Code Analyzer for Apache Spark

Pepperdata® Code Analyzer for Apache Spark enables Spark application developers to easily identify performance bottlenecks in their applications. Code Analyzer correlates real-time cluster resource use (CPU, memory, network, and disk I/O) to particular blocks of application code.

Code Analyzer for Apache Spark provides performance feedback to the Code, Build, Test, and Release phases of the DevOps cycle.

Benefits for Devs

  • Identify the lines of code and the stages that cause performance issues related to CPU, memory, garbage collection, network, and disk I/O

  • Easily disambiguate resources used during parallel stages

  • Understand why run-time variations occur for the same application

  • Determine whether performance issues are due to the application or other workloads on the cluster

Benefits for Managers

  • Improve communication of performance issues between Dev and Ops

  • Shorten time to production

  • Increase cluster ROI

Benefits for Ops

  • Reduce the number of performance incidents in production

  • Easily communicate detailed performance issues back to developers

Code Analyzer Identifies the lines of code and the stages that cause performance issues related to CPU, memory, garbage collection, network, and disk I/O

Code-Centric Approach

Code Analyzer uses a code-centric approach that presents the developer with a code block and correlates it with the timeline of cluster resources consumed during execution. This enables developers to pinpoint specific segments of code and stages that require optimization.

For example, if an application is consuming a lot of CPU while two stages are running in parallel, it is impossible to determine which stage is causing the problem when only using the Apache Spark UI. Because Code Analyzer provides a time-series view overlaid with parallel stages, it becomes almost trivial to understand which stage is causing the high CPU usage.

Using Apache Spark UI or other tools, it is very difficult to understand variance in application runtime performance. This is because none of these tools provides the entire context of what else is running on the cluster. Code Analyzer shows the “cluster weather” so that developers can understand whether the performance variation was due to their application or the context within which the application was running.

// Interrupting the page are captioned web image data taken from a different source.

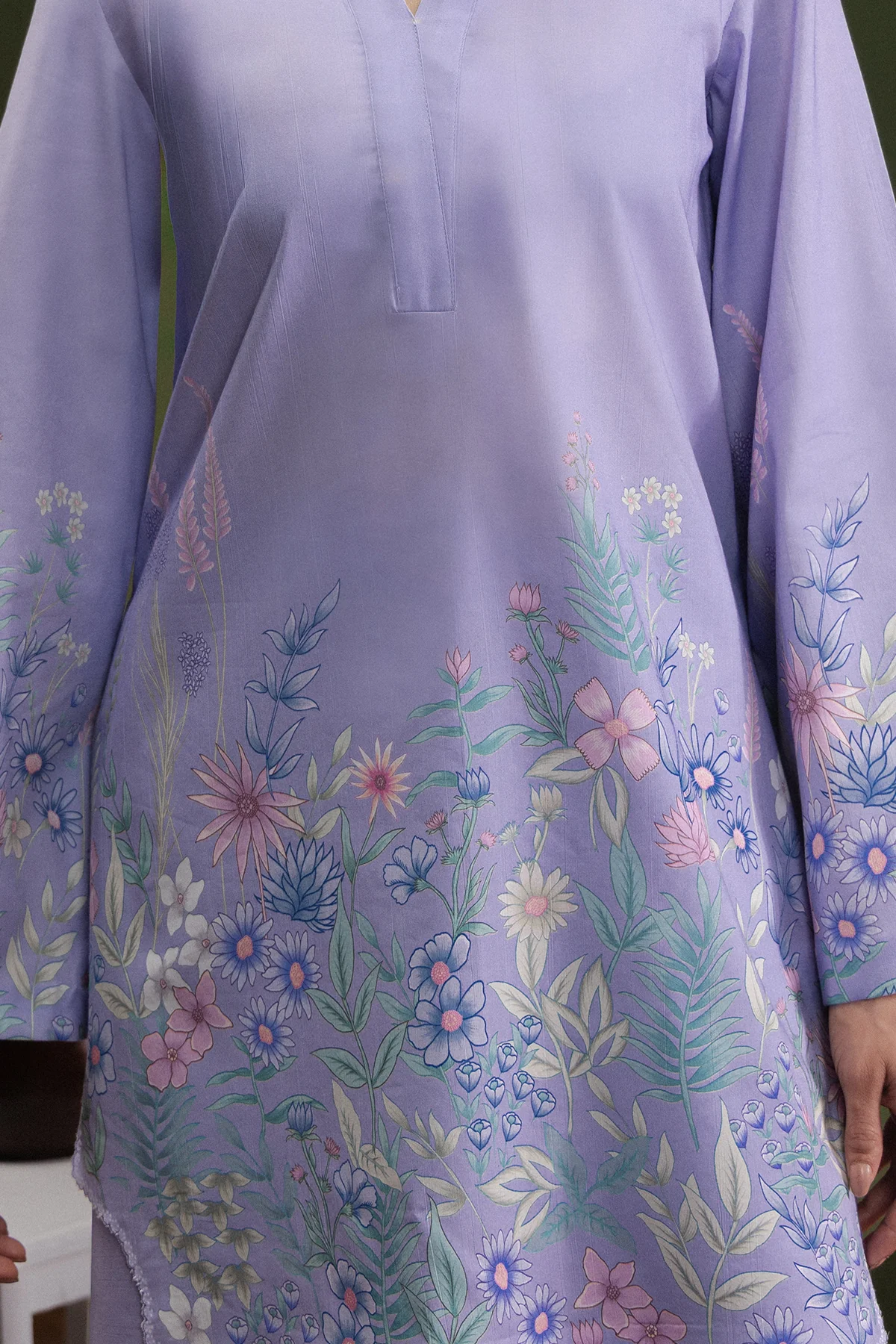 Lilac Candy - Image 3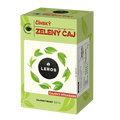 Pure Green Tea
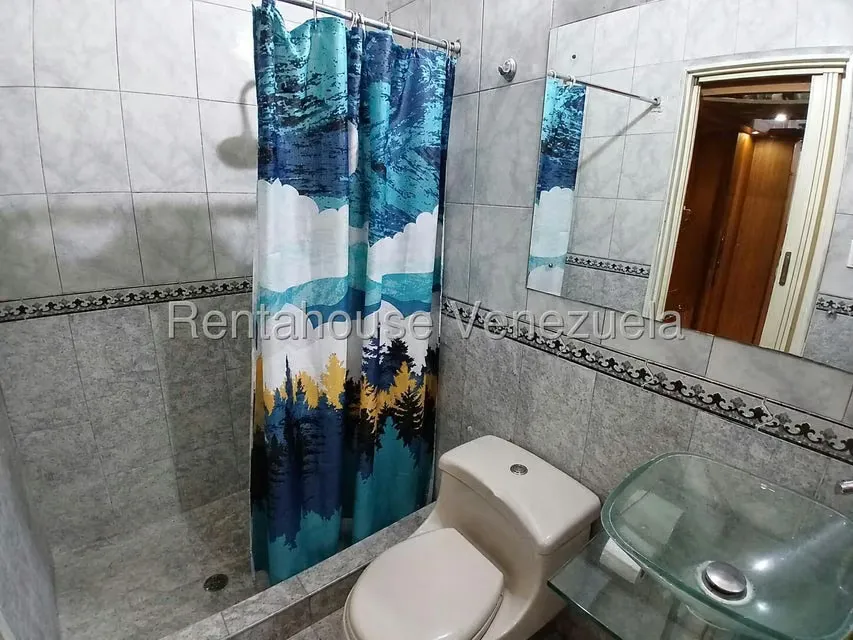 Casa (1 Nivel) en Venta en Villas de Aragua, Aragua - 45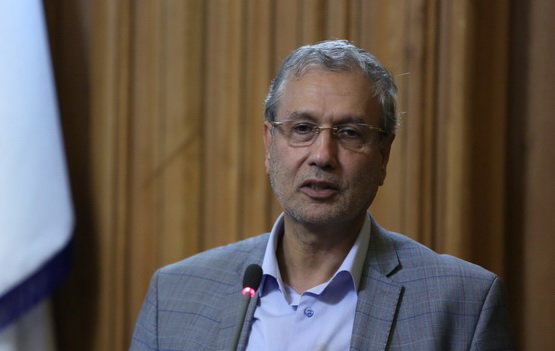 حکم بازنشستگی تعدادی از روستائیان و عشایر در بیمه اجتماعی اعطا شد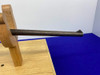 Marlin Model 1881 28" Blued *ANTIQUE LEVER-ACTION RIFLE*
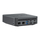 Mini PC MINIX NGC N512, Intel Core i5-12600H, 16GB RAM, 1TB SSD, Windows 11 Pro, gri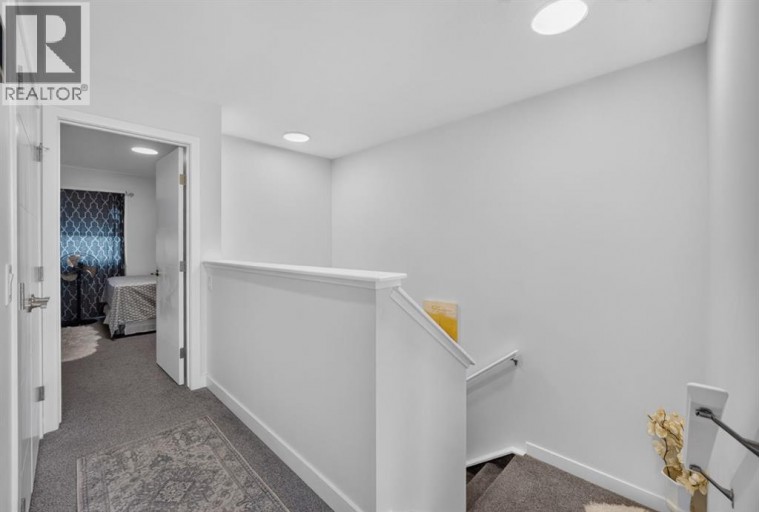 981 Mahogany Boulevard SE, Calgary, Alberta, T3M2W7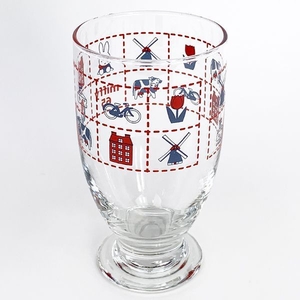 qEUBmhMseZ8tJeSzRqHk.jpg?w=940&h=940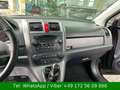 Honda CR-V Comfort 4x4  8-Fach bereift Maro - thumbnail 14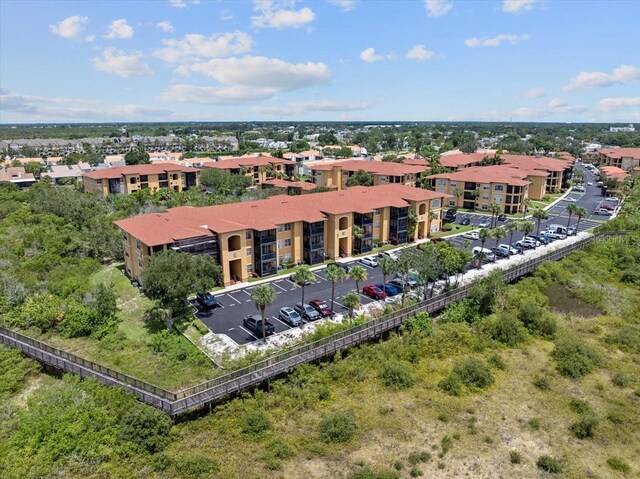 4333 Bayside Village Dr Unit 127, Tampa, FL 33615 - photo 55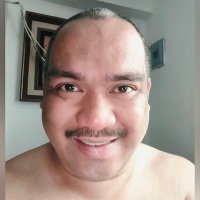 anthonybadz (@anthonybadz) 's Twitter Profile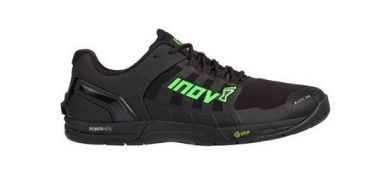 Inov8 Inov-8 - Легкие мужские кроссовки F-Lite G 290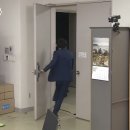 용이동 소로 2-603 | [참좋은여행]동유럽여행 발칸반도여행 10박11일 여행후기 패키지여행 5개국 2일차_체코 오스트리아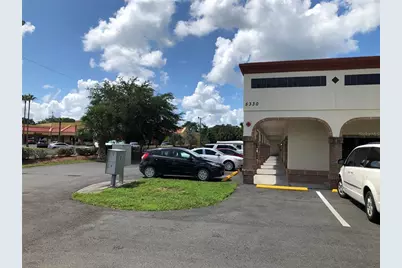 5330 Spring Hill Drive #A, Spring Hill, FL 34606 - Photo 53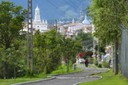 P1080438.jpg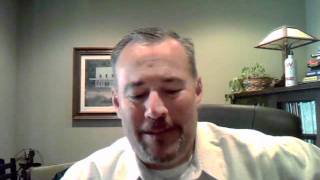 Coaching Corner - Victim Triangle
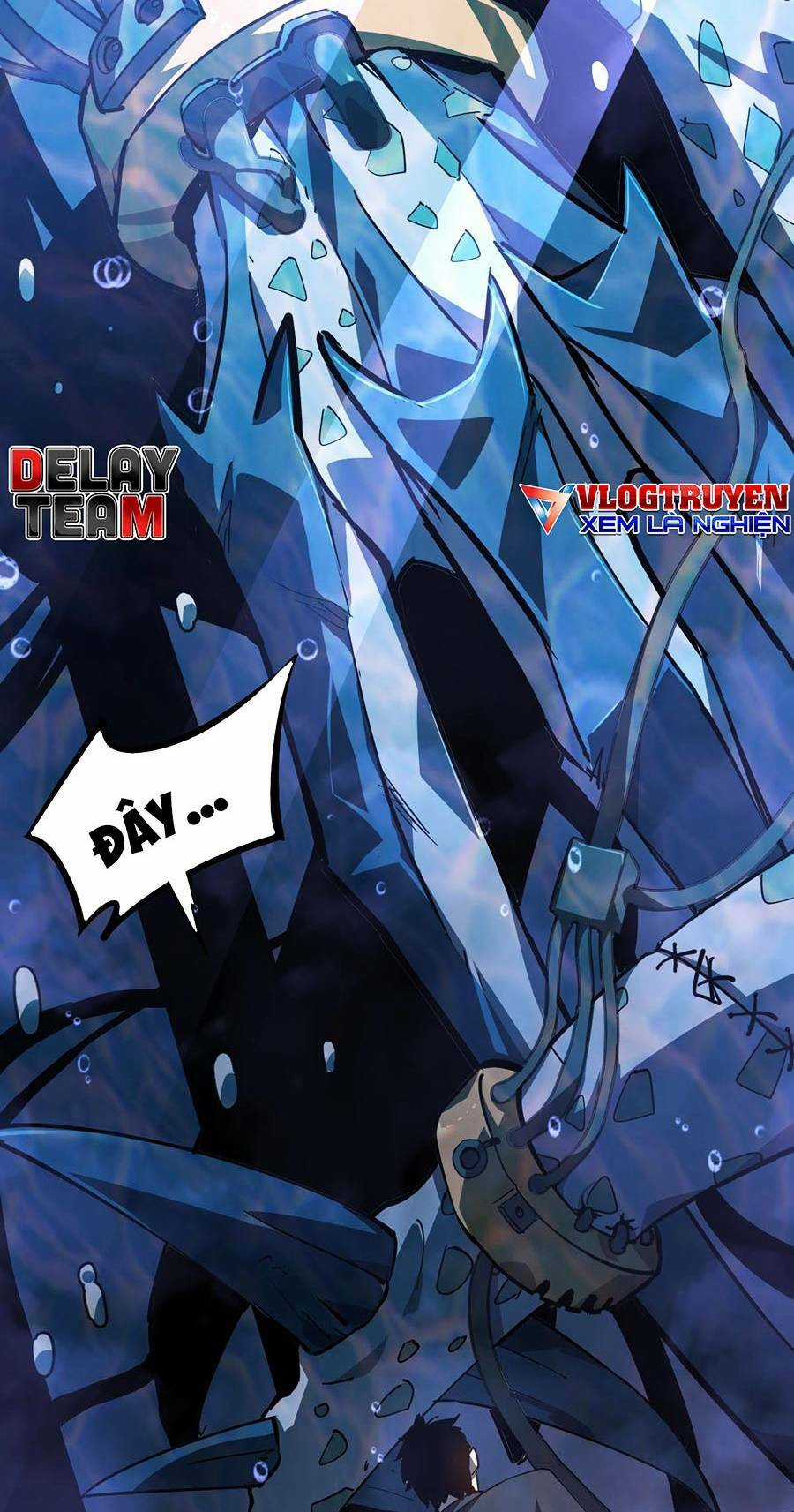 Siêu Phàm Tiến Hóa - Chapter 63 - Trang 24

Seamless Integration with Pepperdata Products

Code Analyzer for Apache Spark is integrated with the other Pepperdata products to provide an end-to-end DevOps solution, combining overall cluster awareness (monitoring, troubleshooting, and alerting) with deep recommendations for improving the performance of individual jobs.

Works With All Big Data Distributions

Code Analyzer works with Big Data distributions including Apache, Cloudera, Hortonworks, MapR, and IBM. Pepperdata supports clusters running on-premise and in the cloud.